Estou curiosíssimo sobre as questões que Graça Franco e Maria Lopes têm para colocar aos outros candidatos, já que as colocadas ao João Ferreira pareciam saídas de uma gala do Big Brother. Triste país, com jornalismo deste bem podes esperar o pior. Mas como não quero que falte nada às jornalistas em causa, aqui fica a sugestão de algumas perguntas para os restantes candidatos presidenciais depois da entrevista feita a João Ferreira. Não esperando que sigam à risca as minhas indicações, ficaria muito agradecido se, pelo menos, contemplassem algumas destas perguntas nos seus futuros interrogatórios.

 

- Ana Gomes

. Quem é mais anticorrupção: a Ana ou o Paulo de Morais?

. Acha-se uma candidata engraçadinha?

. Militou no MRPP. Que percentagem de maoísmo ainda perdura dentro de si?

. Foi derrotada por Fernando Seara, um homem titubeante, para a Câmara de Sintra. Tino de Rans está à sua altura?

               

- André Ventura

. Com qual dos antigos candidatos presidenciais apoiados pela União Nacional se identifica mais?

. Pena de morte, castração, remoção de ovários. Para quando a defesa do empalamento à moda de Shaka Zulu?

. Qual destes líderes é mais inspirador para si: Trump ou Bolsonaro? Hitler ou Mussolini?

. O Chega cura males de tabaco. O que pode fazer pelas rinites alérgicas?

. Fala do seu partido como uma religião. No novo regime proposto por si a separação de poderes também é para laquear?

. Se for eleito Presidente da República promete respeitar a Constituição da República que pretende rasgar?

 

- Bruno Fialho

. Você é alguma coisa ao extraordinário escritor Henrique Manuel Bento Fialho? Se for, mande-lhe beijinhos. Gostamos muito dele.

 

- Marcelo Rebelo de Sousa

. Pela sua idade não acha algo baboso andar a salvar meninas nas águas do All Garve?

. Na visita à Autoeuropa transpareceu uma certa proximidade com António Costa. Não acha que foi um péssimo exemplo quando andamos a pedir às pessoas distanciamento social?

. André Ventura foi gerado no PSD. Acha que o seu partido se transformou num viveiro de fascistas?

. O seu pai foi político do Estado Novo. Marcello Caetano foi padrinho de casamento dos seus pais. Não lhe cheira a mofo?

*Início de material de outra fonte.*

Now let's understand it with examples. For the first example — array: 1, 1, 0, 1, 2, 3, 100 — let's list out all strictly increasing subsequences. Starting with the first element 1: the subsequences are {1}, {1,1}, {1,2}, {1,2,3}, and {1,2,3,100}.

. Que regime democrático o inspira mais: a América de Trump, o Brasil de Bolsonaro ou a Hungria de Viktor Orbán?

. Os muros erguidos pelos regimes democráticos são mais bonitos do que o muro de Berlim?

. Ainda é amigo de Ricardo Salgado?

 

- Marisa Matias

. Quando foi convidada para se candidatar?

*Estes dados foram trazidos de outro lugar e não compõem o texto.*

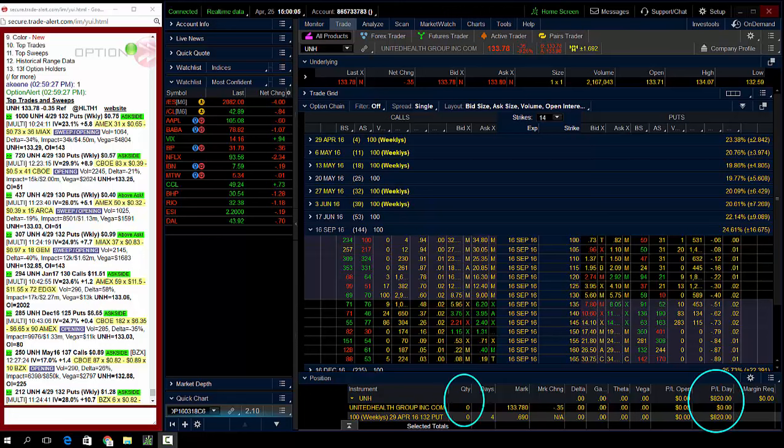Second thing, quantity, zero. So no position on, quick little day trade. $820 out of 50 lot made in less than 30 minutes. Guys, did this in front of over 400 people in our live trading room.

. Admite que o seu aspecto foi a casting no BE?

. Onde estava quando foi o 1 de Maio de 2020?

. O seu partido é de inspiração tortskista. Trótski era democrata?

 

- Orlando Cruz

- Já por três vezes no passado anunciou a sua candidatura a Belém, mas nunca chegou a formalizar o processo junto do Tribunal Constitucional. Se desta vez tiver o apoio do CDS, desiste?

 

- Tiago Mayan Gonçalves

. Tem um apelido muito curioso. Sugerimos-lhe um slogan: "De Mayan é que começa o dia".

 

- Tino de Rans

. Faça-nos rir. Se conseguir, votamos em si.